Cardiovascular risk warning added to valdecoxib

Pages 9-10 | Published online: 10 Jan 2014

A study recently conducted by Pfizer has found that patients treated with the arthritis drug valdecoxib after coronary artery bypass graft (CABG) surgery are at an increased risk of adverse cardiovascular events. The final report on the study was submitted to the US Food and Drug Administration (FDA) at the beginning of November.

A total of 1500 patients were included in the study. It was found that approximately 2% of patients suffered a cardiovascular event (including cerebrovascular accident, deep vein thrombosis, myocardial infarction and pulmonary embolism) having been treated with the intravenous form of the drug after CABG, compared with approximately 0.5% of patients who received a placebo. Events also occurred in around 1% of patients who were treated with the oral form of the drug.

As a result, the FDA has added a warning to the drug label that contraindicates its use following CABG. This move follows an increase in information on the cardiovascular risks associated with cyclooxygenase (COX)-2 inhibitors, which, earlier this year, led to Merck withdrawing the drug rofecoxib from the market. Pfizer is also sponsoring a clinical trial of its other COX-2 inhibitor, calecoxib, in osteoarthritis patients with heart disease.

The US regulator said: “Bextra (valdecoxib) is not approved for use in the treatment of postoperative pain of any type; however, the FDA believes that these new findings should be made available to healthcare professionals and patients.”

Electrical stimulation allows heart tissue growth

A group of scientists from the Massachusetts Institute of Technology (MA, USA), have successfully grown tissue in the laboratory that can mimic the beat of the heart. They hope that eventually the tissue will be used to repair the myocardium after a heart attack.

Lead researcher Gordana Vunjak-Novakovic said: “We have been trying to engineer a patch of tissue that has the same properties as myocardium that could be attached over injured myocardium.”

The tissue was grown by placing rat myocytes on a three-dimensional scaffold, which were then stimulated with electrical signals that mimicked those that are involved in the development and function of the heart. The scaffold slowly degraded as the tissue formed. It has not previously been possible to produce cells with the same structure and function as heart tissue.

Another member of the research team, Milica Radisic, said “Initially, we had no idea if this would work. As it turns out, electrical stimulation was crucial for rapid assembly of functional tissue.”

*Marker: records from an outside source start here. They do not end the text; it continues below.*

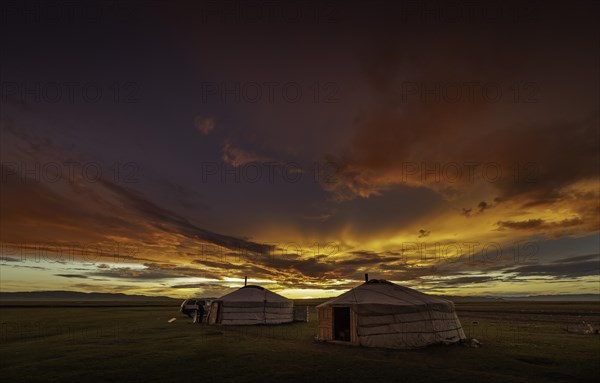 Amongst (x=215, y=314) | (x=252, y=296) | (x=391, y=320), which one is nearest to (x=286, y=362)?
(x=391, y=320)

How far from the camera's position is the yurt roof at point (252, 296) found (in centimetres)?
A: 2722

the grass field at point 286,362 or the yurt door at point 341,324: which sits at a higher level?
the yurt door at point 341,324

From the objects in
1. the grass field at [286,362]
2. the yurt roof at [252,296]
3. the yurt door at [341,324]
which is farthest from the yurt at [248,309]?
the grass field at [286,362]

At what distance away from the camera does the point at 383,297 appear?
1680cm

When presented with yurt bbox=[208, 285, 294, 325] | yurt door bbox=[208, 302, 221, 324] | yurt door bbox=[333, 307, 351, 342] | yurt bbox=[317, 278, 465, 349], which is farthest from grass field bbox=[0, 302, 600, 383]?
yurt door bbox=[208, 302, 221, 324]

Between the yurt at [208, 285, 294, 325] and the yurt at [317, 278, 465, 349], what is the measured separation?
1071cm

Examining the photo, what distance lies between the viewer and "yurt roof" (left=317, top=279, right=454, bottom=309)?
1623 centimetres

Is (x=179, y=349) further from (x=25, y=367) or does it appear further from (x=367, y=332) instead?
(x=367, y=332)

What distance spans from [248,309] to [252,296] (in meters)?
1.18

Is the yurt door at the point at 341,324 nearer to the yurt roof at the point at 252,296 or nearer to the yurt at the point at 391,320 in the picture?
the yurt at the point at 391,320

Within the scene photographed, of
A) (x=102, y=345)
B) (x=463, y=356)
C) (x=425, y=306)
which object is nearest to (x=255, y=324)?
(x=102, y=345)

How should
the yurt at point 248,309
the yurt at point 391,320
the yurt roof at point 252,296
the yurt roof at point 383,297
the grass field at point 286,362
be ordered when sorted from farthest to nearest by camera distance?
the yurt roof at point 252,296 < the yurt at point 248,309 < the yurt roof at point 383,297 < the yurt at point 391,320 < the grass field at point 286,362

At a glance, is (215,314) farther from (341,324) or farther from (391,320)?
(391,320)

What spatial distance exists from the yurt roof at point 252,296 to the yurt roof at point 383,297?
1139 cm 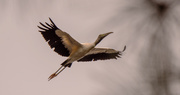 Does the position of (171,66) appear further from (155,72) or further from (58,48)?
(58,48)

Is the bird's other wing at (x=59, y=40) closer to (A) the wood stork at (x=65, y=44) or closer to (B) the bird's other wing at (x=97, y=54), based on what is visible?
(A) the wood stork at (x=65, y=44)

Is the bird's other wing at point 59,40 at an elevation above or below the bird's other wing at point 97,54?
below

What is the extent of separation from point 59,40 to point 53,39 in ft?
0.47

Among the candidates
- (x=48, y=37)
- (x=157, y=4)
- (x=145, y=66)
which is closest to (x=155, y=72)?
(x=145, y=66)

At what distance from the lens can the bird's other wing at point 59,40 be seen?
734cm

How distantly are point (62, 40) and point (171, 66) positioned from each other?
6.40 m

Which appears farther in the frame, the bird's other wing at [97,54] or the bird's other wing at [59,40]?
the bird's other wing at [97,54]

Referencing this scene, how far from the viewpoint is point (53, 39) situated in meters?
7.49

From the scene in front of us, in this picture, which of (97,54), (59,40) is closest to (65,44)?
(59,40)

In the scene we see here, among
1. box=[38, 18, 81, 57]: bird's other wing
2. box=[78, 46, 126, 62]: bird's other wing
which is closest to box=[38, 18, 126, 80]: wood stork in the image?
box=[38, 18, 81, 57]: bird's other wing

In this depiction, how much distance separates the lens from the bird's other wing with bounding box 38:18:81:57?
24.1ft

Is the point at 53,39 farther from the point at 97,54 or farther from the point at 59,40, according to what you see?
the point at 97,54

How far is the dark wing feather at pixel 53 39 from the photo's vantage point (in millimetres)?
7332

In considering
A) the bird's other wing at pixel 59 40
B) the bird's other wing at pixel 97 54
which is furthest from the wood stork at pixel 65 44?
the bird's other wing at pixel 97 54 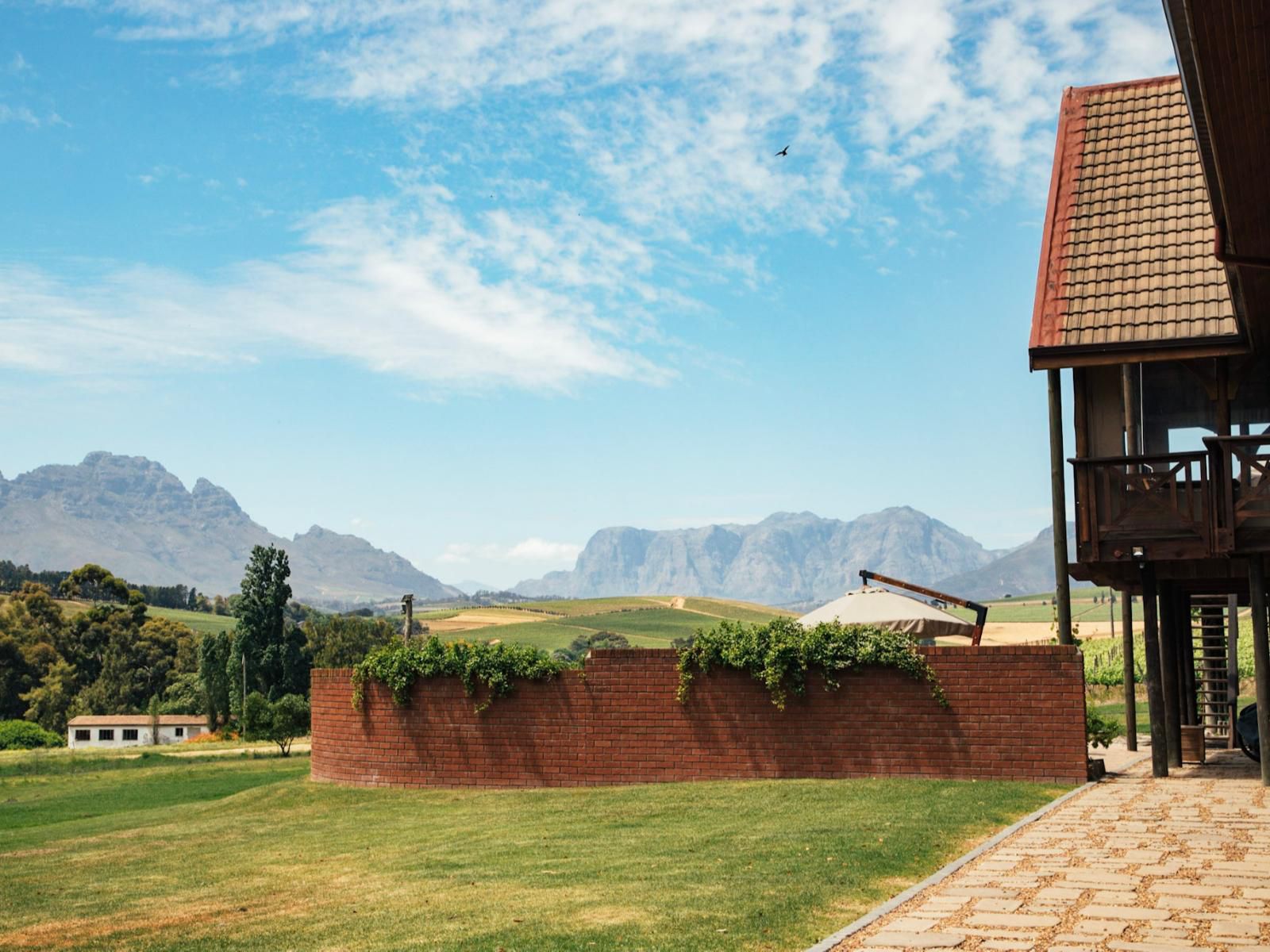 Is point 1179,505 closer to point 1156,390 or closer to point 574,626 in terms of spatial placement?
point 1156,390

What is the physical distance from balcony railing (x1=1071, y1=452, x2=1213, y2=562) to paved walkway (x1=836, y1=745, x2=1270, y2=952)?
3595 mm

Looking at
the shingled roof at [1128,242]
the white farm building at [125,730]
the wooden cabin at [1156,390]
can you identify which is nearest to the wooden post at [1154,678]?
the wooden cabin at [1156,390]

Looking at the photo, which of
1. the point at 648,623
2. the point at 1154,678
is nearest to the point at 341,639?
the point at 648,623

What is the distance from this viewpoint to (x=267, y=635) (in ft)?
285

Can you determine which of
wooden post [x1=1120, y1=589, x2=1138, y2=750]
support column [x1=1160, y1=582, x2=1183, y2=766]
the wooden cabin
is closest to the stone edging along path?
support column [x1=1160, y1=582, x2=1183, y2=766]

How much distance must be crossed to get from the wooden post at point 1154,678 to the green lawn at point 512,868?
1.78m

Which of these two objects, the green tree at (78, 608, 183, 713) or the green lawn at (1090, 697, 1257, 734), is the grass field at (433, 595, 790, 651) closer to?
the green tree at (78, 608, 183, 713)

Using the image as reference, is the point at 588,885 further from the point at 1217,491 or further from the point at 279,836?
the point at 1217,491

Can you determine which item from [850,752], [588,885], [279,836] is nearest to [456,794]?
[279,836]

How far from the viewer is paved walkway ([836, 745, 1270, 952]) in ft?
24.5

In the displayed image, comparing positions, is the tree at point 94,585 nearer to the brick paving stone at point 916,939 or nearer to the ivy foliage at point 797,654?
the ivy foliage at point 797,654

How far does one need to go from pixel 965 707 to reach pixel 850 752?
64.4 inches

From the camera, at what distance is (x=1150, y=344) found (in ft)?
52.9

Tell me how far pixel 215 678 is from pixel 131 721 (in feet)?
33.4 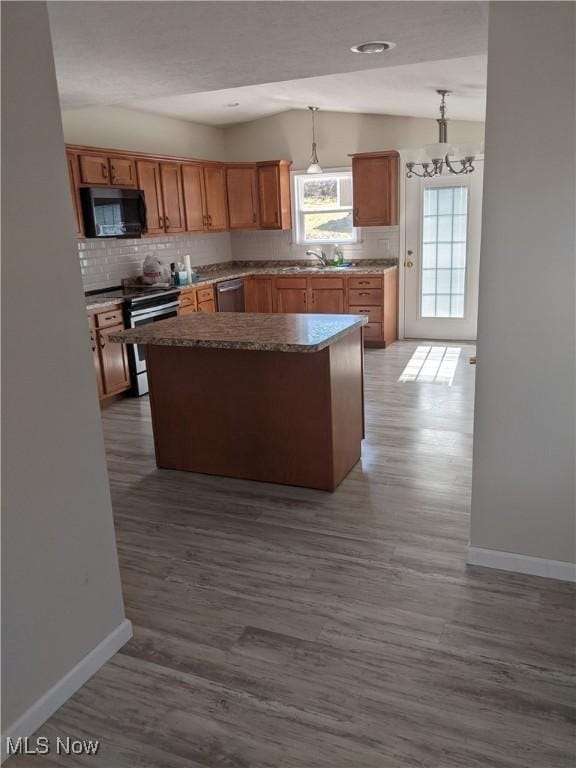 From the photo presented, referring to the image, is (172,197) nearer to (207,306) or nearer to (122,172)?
(122,172)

In order to establish the effect of electrical stimulation, control cells were also attached to the scaffold, but did not receive the electric pulses. After 8 days, it was found that those cells receiving the pulses had enhanced alignment and contractile behavior compared with the controls – contraction was seven-times greater and they had reached a ‘remarkable’ level of differentiation.

Charmaine Griffiths of the British Heart Foundation said: “This interesting early research shows that scientists may have developed a functional patch-repair mechanism that might eventually be used to treat damaged heart tissue.”

She added: “Although it is very early days for this approach, developments of this kind using living heart cells may provide help for those with damaged heart tissue in the future.”

Increased myocardial infarction risk with drug discontinuation

Researchers from the University Hospital Basel, Switzerland, have found that the risk of a first acute myocardial infarction (AMI) is greatly increased in the month following nonsteroidal anti-inflammatory drug (NSAID) discontinuation.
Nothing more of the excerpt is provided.